You have become more and more famous over the years: German Vogue made a three-part documentary about you; Kylie Minogue has worn your designs – even the Queen of England has heard of you. She had your collection removed from stores in London.
That was funny. I designed a collection called Dear Kate. There was a T-shirt that said: “Harry, you wanna marry me?” – with Kate proposing to Harry. The demand was huge, and we were taken into the big department stores. But it didn’t go down well at all at Buckingham Palace. After three days, the T-shirts had to be taken off the shelves everywhere.
Then we had them distributed at One Direction concerts and told them that the T-shirt was dedicated to Harry Styles from the band. Then it went around the world and we were even on the front page of The Telegraph with the shirt. A few months later I showed a red carpet collection at London Fashion Week called God Save The Queen.
In 2011 you brought investors into your label – Kilian Kerner became a joint stock company. Why did you decide to take this step?
I wanted to build my label into a lifestyle group and the investors opened up a lot of opportunities. We started by selling the second line, Kilian Senses, in ten stores. Within 18 months, it was 14 countries. We had stores in London, Berlin…our shows became bigger, more elaborate, more expensive…
In return, you no longer had the freedom to make decisions. With investors, you had to make compromises.
Not everything that happened with the label was good. I signed things too quickly, things I should have thought about more carefully.
In 2016 you left the label and lost the rights to your name. Do you feel that you failed?
I never had that feeling. We suffered two serious misfortunes in the family that year. I went home on weekends – and during the week I was in the studio or at trade shows. After a month, the board accused me of taking too much time off to take care of my family. Everyone who knows me knows that I was burning day and night for the label, seven days a week.
So you were relieved when it was over?
Absolutely.
Would you do it again?
Founding my own label? Yes, that will happen someday…but completely different to what it was back then.

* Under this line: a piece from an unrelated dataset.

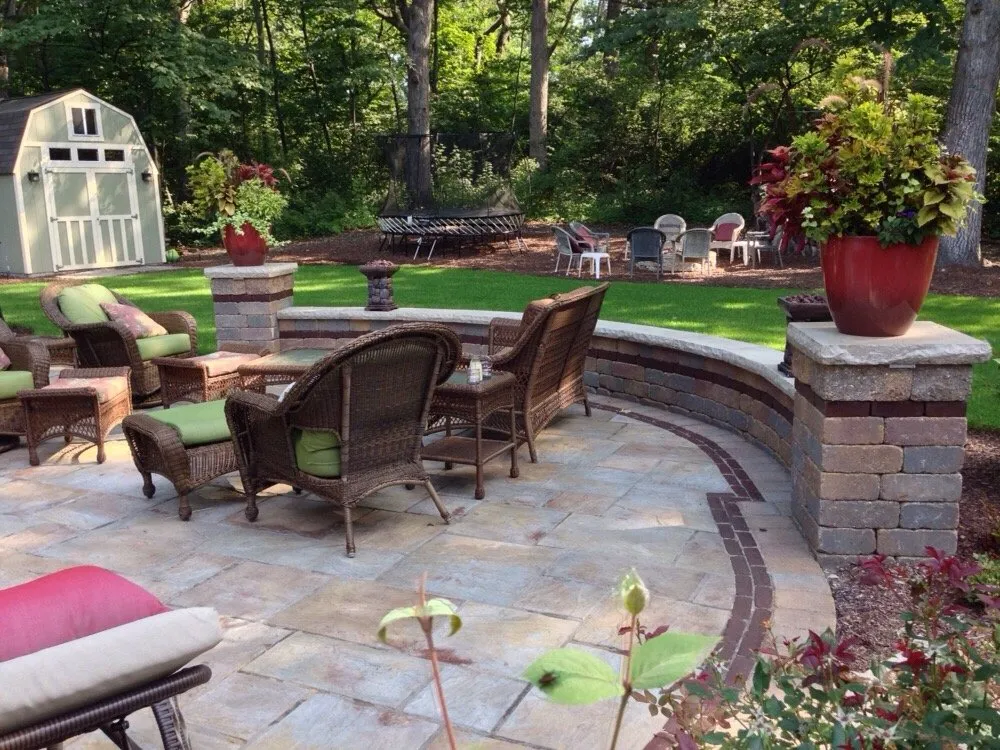 Affordable yard cleanup service in Frankfort, IL by Signature Landscape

In 2016 you left your own label and launched your first tennis collection, Bidi Badu designed by Kilian Kerner, in just two weeks. It would seem that you are a workaholic. More than that. But because I’ve been playing tennis since I was a kid, it didn’t feel like work. Other designers want to go to Gucci or Prada – for me the tennis collection was a dream come true. Tennis and sportswear: That’s also something I want to do again in the future.

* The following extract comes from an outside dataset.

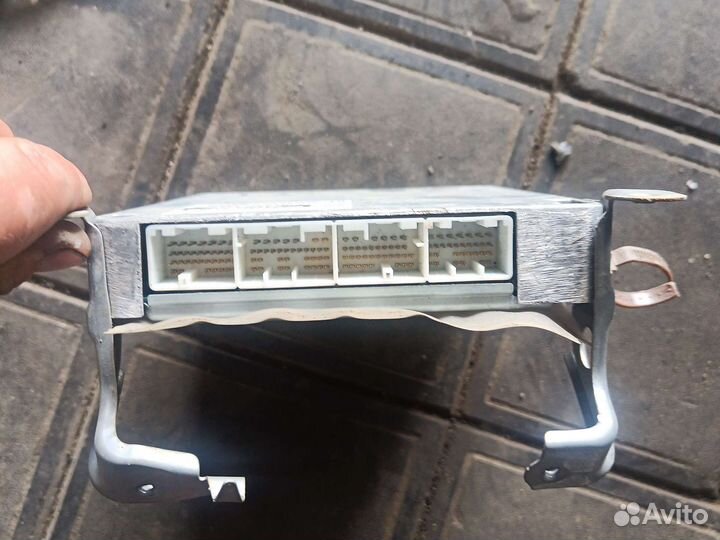 Блок управления двигателем toyota corolla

You played a lot of tennis as a child and took part in tournaments. Did your athletic ambition benefit you later as a fashion designer?
I always wanted to win; I couldn’t lose. So I smashed the odd racket from time to time. I was ambitious, but not enough to use my talent to go pro. Fashion made me ambitious – especially the first few years, when I wasn’t taken completely seriously.

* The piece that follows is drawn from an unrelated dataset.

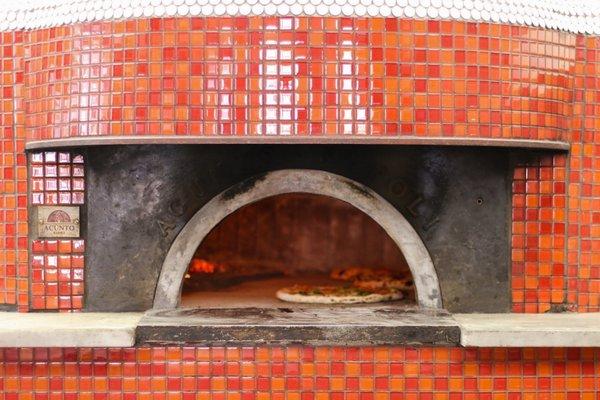 Wood-fired Pizza Oven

What would be your personal Wimbledon victory moment in fashion?
An American Vogue cover, with Kate Moss wearing a dress of mine.
You started KXXK two years ago – not as a label, but as a collaboration with yourself, as you put it. Do you feel that you have found yourself?
I have learned an insane amount. I’m a different person now.
What do you mean?
I’m calmer, more balanced. I can handle myself better today, without the pressure of when I was a stock price and it was all about numbers. Living with me has become easier – for myself and for others.
Kilian Kerner is presenting for the twentieth time at MBFW Berlin on Wednesday January 20th at 4pm. It is his fourth time under the name KXXK.